Goal of the exercise: From the line containing "9740 Northwest 5th" through the final line of the records, reproduce every line exactly.

****************

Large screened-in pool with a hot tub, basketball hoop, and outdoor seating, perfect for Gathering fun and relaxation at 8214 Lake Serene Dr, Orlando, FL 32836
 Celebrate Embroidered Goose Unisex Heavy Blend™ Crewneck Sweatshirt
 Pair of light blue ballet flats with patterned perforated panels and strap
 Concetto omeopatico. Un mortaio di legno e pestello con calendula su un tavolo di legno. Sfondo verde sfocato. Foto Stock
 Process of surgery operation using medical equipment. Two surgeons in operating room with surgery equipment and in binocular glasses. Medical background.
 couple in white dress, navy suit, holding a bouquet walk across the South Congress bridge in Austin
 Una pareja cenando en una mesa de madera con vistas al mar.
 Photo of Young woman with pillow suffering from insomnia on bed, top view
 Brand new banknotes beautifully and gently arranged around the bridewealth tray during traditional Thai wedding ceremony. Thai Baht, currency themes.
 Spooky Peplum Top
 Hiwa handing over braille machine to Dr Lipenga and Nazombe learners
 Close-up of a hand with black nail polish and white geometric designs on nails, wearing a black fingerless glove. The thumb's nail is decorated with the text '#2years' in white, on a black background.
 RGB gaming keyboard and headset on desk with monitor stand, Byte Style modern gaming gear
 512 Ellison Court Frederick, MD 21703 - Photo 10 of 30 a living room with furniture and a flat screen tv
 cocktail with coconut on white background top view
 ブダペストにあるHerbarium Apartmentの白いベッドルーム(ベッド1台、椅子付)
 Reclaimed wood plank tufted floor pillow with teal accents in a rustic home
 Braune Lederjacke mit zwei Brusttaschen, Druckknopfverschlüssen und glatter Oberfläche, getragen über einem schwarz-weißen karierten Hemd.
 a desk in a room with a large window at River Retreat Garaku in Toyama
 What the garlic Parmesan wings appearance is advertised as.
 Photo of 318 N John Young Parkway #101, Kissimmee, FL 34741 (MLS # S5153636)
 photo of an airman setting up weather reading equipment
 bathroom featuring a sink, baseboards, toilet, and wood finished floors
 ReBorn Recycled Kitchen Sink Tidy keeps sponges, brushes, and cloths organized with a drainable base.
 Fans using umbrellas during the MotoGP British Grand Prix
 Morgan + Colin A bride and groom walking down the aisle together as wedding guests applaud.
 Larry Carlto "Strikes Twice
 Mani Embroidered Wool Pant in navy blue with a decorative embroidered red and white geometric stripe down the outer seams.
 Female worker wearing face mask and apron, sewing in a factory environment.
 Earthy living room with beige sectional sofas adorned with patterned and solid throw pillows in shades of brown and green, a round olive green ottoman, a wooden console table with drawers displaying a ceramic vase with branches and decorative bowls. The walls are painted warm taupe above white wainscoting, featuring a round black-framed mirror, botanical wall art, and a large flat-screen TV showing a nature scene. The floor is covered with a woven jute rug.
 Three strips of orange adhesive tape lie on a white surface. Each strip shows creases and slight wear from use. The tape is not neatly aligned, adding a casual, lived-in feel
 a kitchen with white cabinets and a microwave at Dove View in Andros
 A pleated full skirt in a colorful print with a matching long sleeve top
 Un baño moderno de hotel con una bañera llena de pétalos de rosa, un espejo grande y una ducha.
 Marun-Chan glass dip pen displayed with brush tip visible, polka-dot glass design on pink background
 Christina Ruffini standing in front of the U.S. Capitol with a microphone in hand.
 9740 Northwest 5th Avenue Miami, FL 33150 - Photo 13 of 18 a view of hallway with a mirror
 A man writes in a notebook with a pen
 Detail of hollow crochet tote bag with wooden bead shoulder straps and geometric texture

****************

Written reply:
 9740 Northwest 5th Avenue Miami, FL 33150 - Photo 13 of 18 a view of hallway with a mirror
 A man writes in a notebook with a pen
 Detail of hollow crochet tote bag with wooden bead shoulder straps and geometric texture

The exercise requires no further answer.